But rather than give up,
activists across the continent organised.
They toxified TTIP, forcing its
designers on the defensive.
Germany – the very heart of the European project –
witnessed mass demonstrations with up to 250,000 people
participating.
From London to Warsaw, from Prague to Madrid, the
anti-TTIP cause has marched.
Members of the European parliament have been
subjected to passionate lobbying by angry citizens.
Without this popular
pressure, TTIP would have received little scrutiny and
would surely have passed – with disastrous consequences.
Second, this is a real
embarrassment to the British government.
Back in 2011, David Cameron vetoed an
EU treaty to supposedly defend the national interest: in fact, he was worried
that it threatened Britain’s financial sector.
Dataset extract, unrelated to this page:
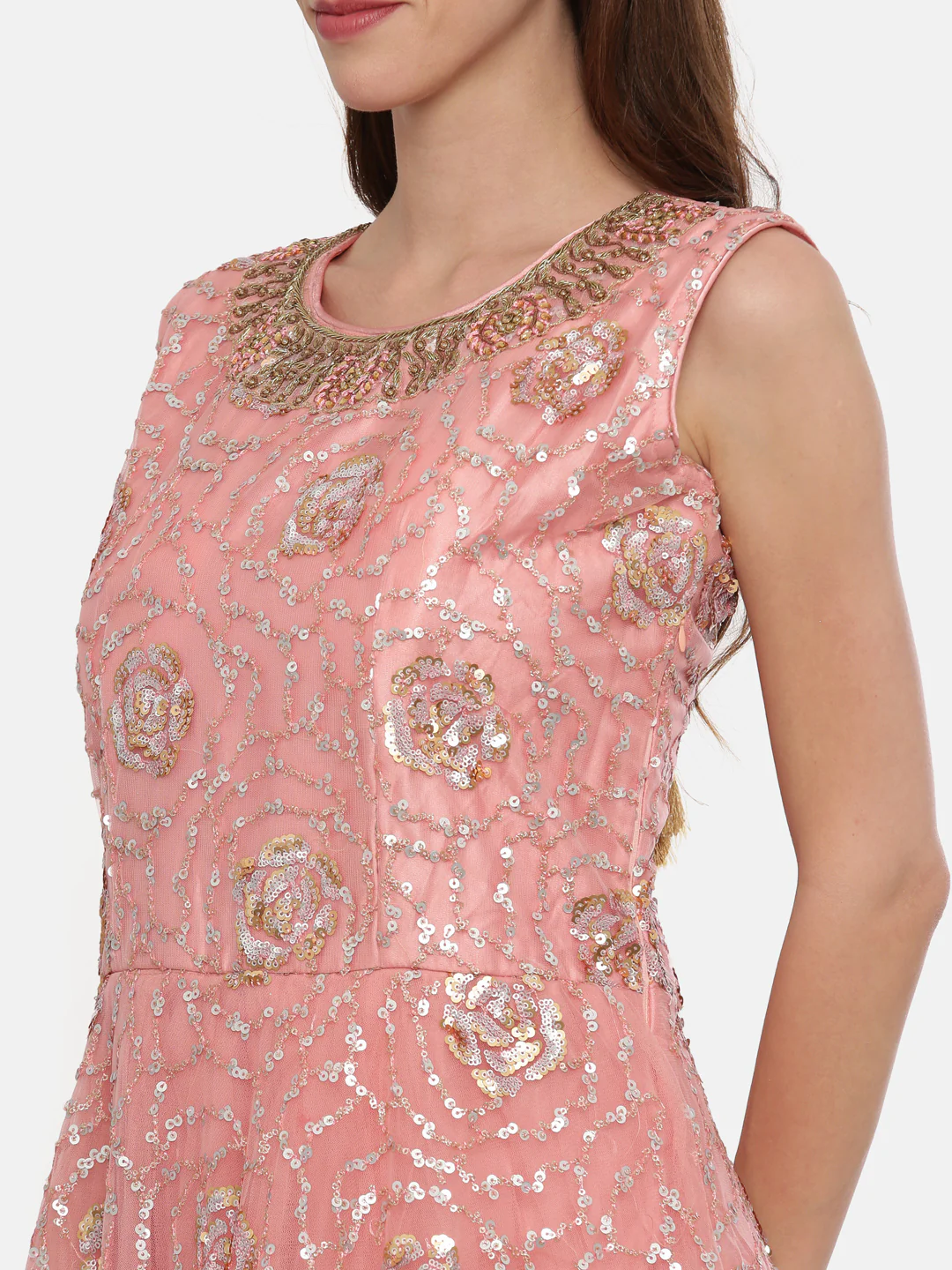 Neerus Peach Embellished Kurta With Pant & Dupatta - Image 2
The City of London and Britain
are clearly not the same thing. But Cameron has been among the staunchest
champions of TTIP.
He is more than happy to undermine British sovereignty and
democracy, as long as it is corporate interests who are the beneficiaries.
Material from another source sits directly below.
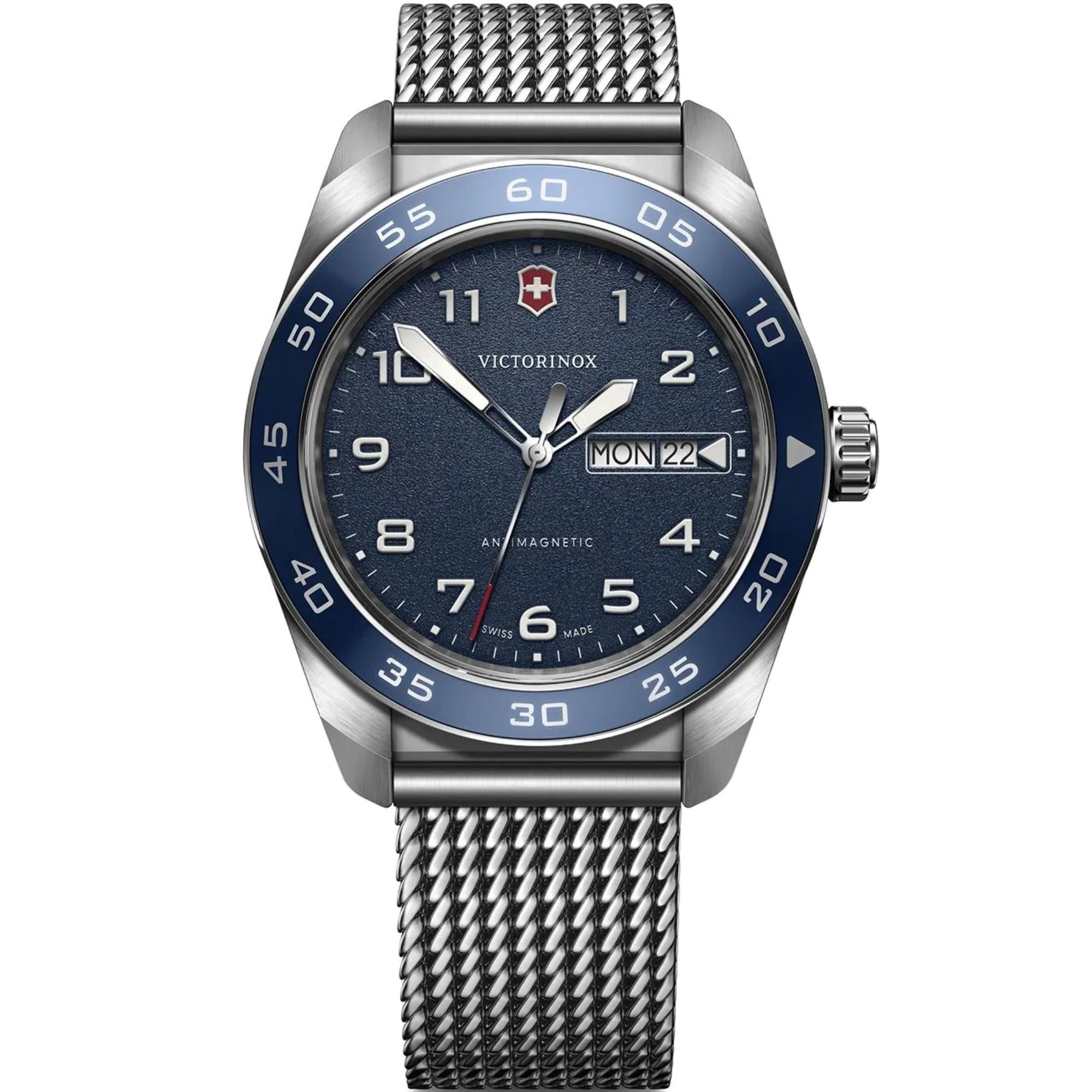 Victorinox Swiss Army Quartz Blue Dial Steel Mesh Strap Men's Watch 242042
And so we end in the perverse
situation where it is the French government, rather than our own
administration, protecting our sovereignty.
And third, this has real
consequences for the EU referendum debate. Rather cynically, Ukip have co-opted the TTIP argument.
They have rightly
argued that TTIP threatens our National Health Service – but given that their leader, Nigel
Farage, has suggested abolishing the NHS in favour of private health insurance,
this is the height of chutzpah.
Ukip have mocked those on the left, such as me, who back
a critical remain position in the Brexit referendum over this issue.
But if we
were to leave the EU, not only would the social chapter and various workers’
rights be abandoned – and not replaced by our rightwing government – but
Britain would end up negotiating a series of TTIP agreements.
We would end up
living with the consequences of TTIP, but without the remaining progressive
elements of the EU.
Instead, we have seen what
happens when ordinary Europeans put aside cultural and language barriers and
unite. Their collective strength can achieve results.
This should surely be a
launchpad for a movement to build a democratic, accountable, transparent Europe governed
in the interests of its citizens, not corporations.
It will mean reaching
across the Atlantic too.
For all President Obama’s hope-change rhetoric, his
administration – which zealously promoted TTIP – has all too often championed
corporate interests.
However, though Bernie Sanders is unlikely to become the
Democratic nominee, the incredible movement behind him shows – particularly
among younger Americans – a growing desire for a different sort of US.
In the coming months, those
Europeans who have campaigned against TTIP should surely reach out to their
American counterparts.
Even if TTIP is defeated, we still live in a world in
which major corporations often have greater power than nation states: only
organised movements that cross borders can have any hope of challenging this
unaccountable dominance.
From tax justice to climate
change, the “protest never achieves anything” brigade have been proved wrong.